Un dolore lancinante trafisse il cuore di Lizzie.
«Non affezionarti troppo a lui, cara» l’ammonì con dolcezza la zia, posandole una mano sulla spalla, e a Lizzie parve che un secchio d’acqua gelata le fosse stato gettato in pieno viso. D’istinto strinse ancora di più a sé il piccolo, che cominciò a piangere.
«Non piangere, tesoro» sussurrò, «non piangere.»
Non posso farlo, pensò. Non posso abbandonare questo bambino!
«Lizzie, dai il bimbo alla balia» le ordinò Eleanor in tono brusco.
«Non ancora» replicò lei, stringendosi il bambino al petto. Ned, lo avrebbe chiamato Ned, abbreviativo di Edward, in onore di suo nonno.
«Lo prendo io, milady» si offrì la cameriera, tendendo le mani.
«No!» Lizzie fece un balzo indietro, sorridendo poi subito a Ned, che stava per ricominciare a piangere.
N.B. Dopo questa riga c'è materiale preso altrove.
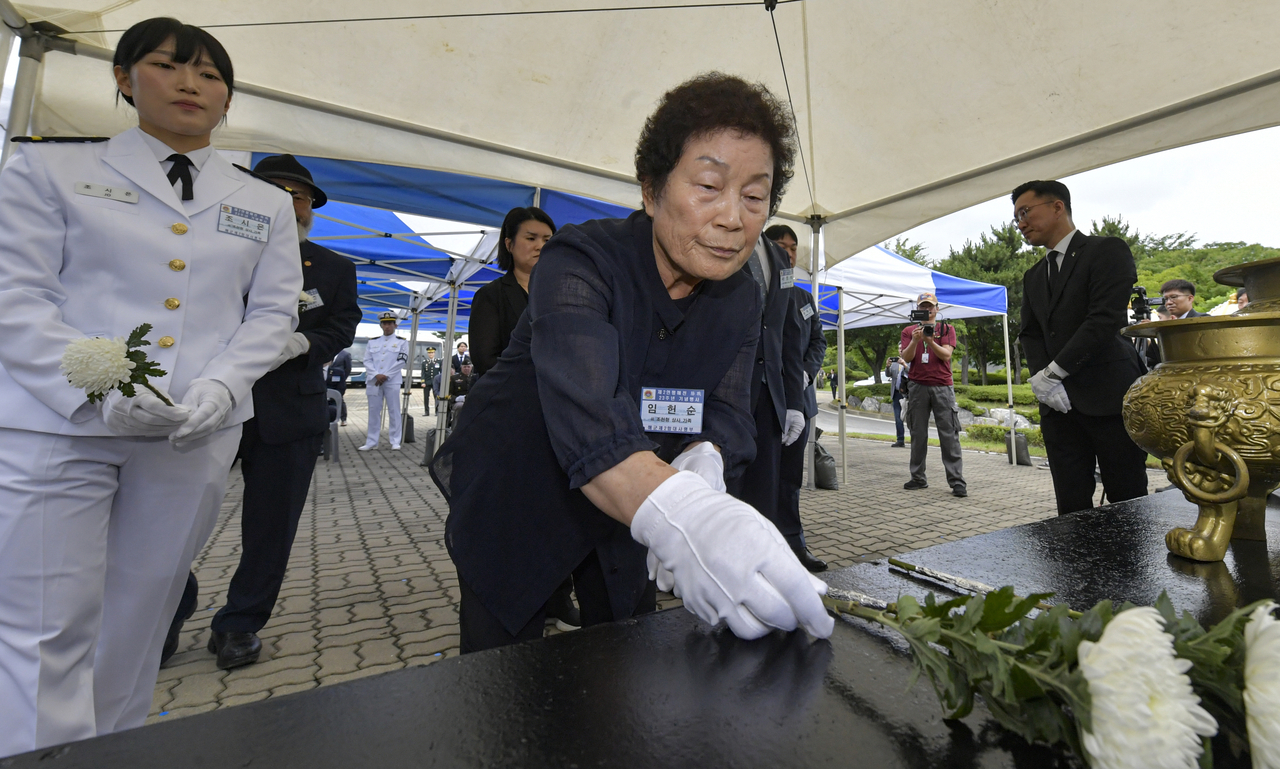 29일 경기 평택시 해군 제2함대사령부에서 열린 ‘제2스포츠토토사이트 승전 23주년 기념식’에서 유가족이 헌화하고 있다. [사진공동취재단]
«Posso... vederlo?» sussurrò debolmente Anna. Lizzie s’irrigidì e si rese conto che non voleva che la sorella toccasse Ned. La fronte imperlata di sudore, chiuse gli occhi. Che cosa le stava succedendo?
«Lizzie?» bisbigliò Anna.
«Lasciale vedere il bambino, cara.» Eleanor le toccò una spalla. Allora lei andò accanto ad Anna e le mostrò il piccino. «Non è bellissimo?» le chiese con voce roca, ma non fece il gesto di posare Ned accanto a sua madre. Anna annuì. «Somiglia... somiglia a suo padre. Oh, Dio, è identico, non trovi?»
Lizzie non riusciva a parlare, così si limitò a scuotere il capo.
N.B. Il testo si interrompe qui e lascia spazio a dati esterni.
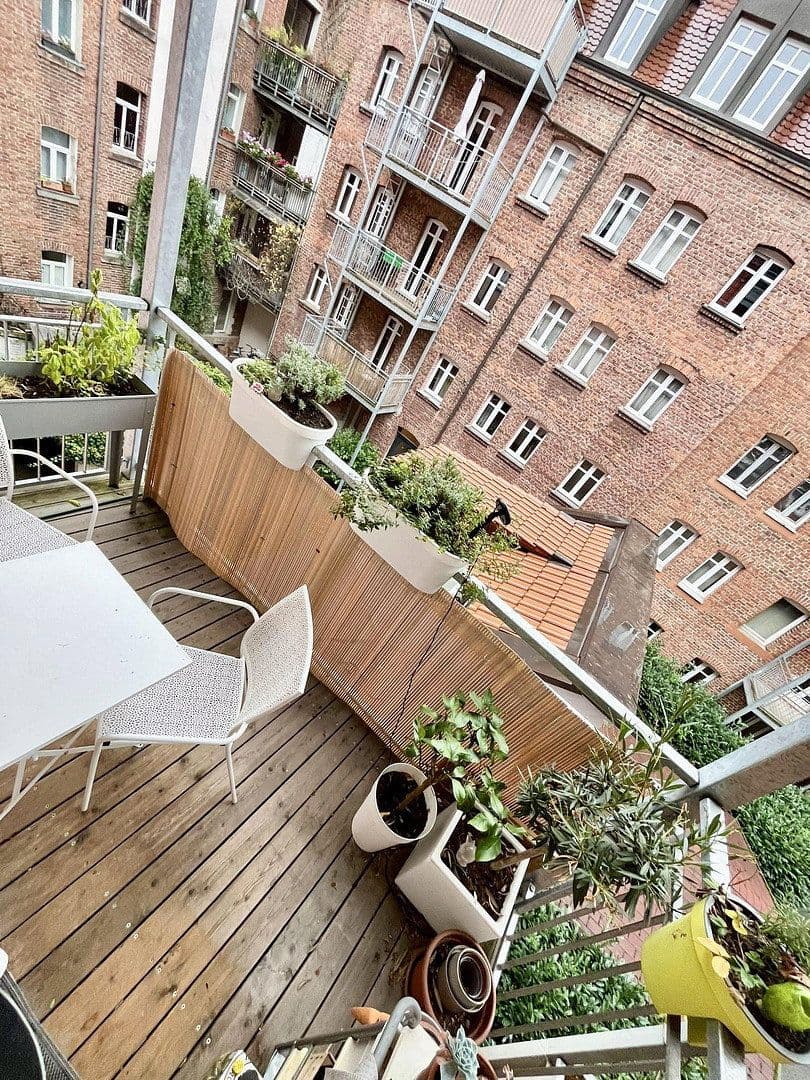 Pronájem bytu 3+1 60 m², Reichstr. 0, Nürnberg, Bavorsko Pronájem bytu 3+1 60 m², Reichstr. 0, Nürnberg, Bavorsko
«Promettimi... promettimi che manterrai il nostro segreto, Lizzie» ansimò Anna all’improvviso. «Lui non dovrà mai sapere. Mai!»
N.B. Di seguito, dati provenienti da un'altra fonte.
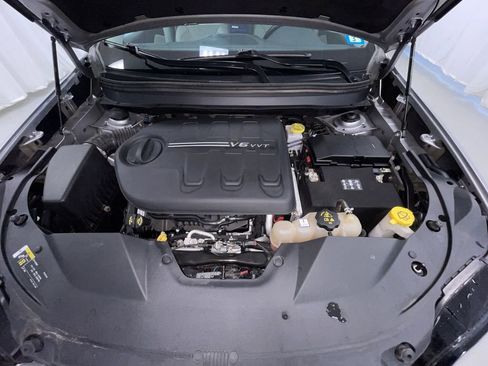 Used 2020 Jeep Cherokee Limited w/ Technology Group image 14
Lizzie capì in quel momento che un simile segreto era sbagliato e che Tyrell aveva ogni diritto di conoscere, amare e crescere suo figlio. Tuttavia non esitò.
«Lo prometto, Anna.»
La sorella richiuse gli occhi. «Grazie» bisbigliò.
«Elizabeth?» Di nuovo la zia le posò una mano sulla spalla. «Voglio che tu dia il bambino alla balia.» Lizzie sapeva che se avesse lasciato il piccino non lo avrebbe stretto fra le braccia mai più. Lo sapeva come sapeva di dover respirare per vivere. E voltandosi verso la zia, sostenendo delicatamente la testina di Ned con una mano, seppe anche quello che doveva fare. «Avvertite le suore. Non occorre più che vengano.»
Eleanor sussultò. «Che cosa intendi dire?»
«Dite loro che il bambino ha una madre.»«Lizzie!» gridò la zia.«Da oggi io sono la madre di Ned.»